# Activity:
Ignoring every picture, transcribe the data in full as it stands.

# Information provided:
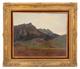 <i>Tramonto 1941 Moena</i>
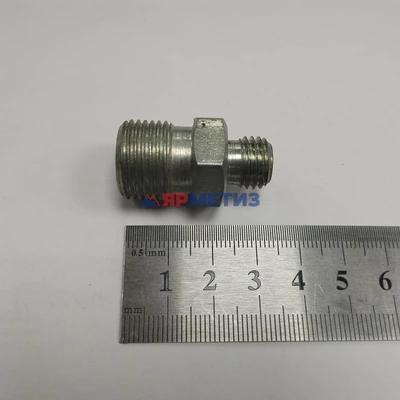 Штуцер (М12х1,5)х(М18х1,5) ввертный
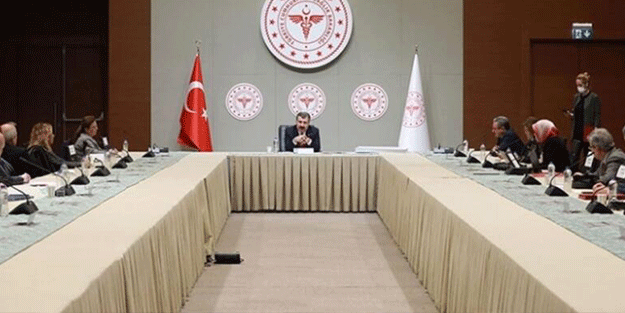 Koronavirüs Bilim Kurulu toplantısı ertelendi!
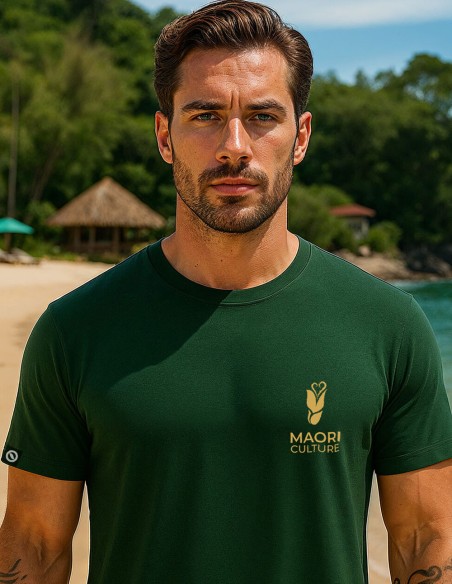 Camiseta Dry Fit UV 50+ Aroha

# Output for this task:
 <i>Tramonto 1941 Moena</i>
 Штуцер (М12х1,5)х(М18х1,5) ввертный
 Koronavirüs Bilim Kurulu toplantısı ertelendi!
 Camiseta Dry Fit UV 50+ Aroha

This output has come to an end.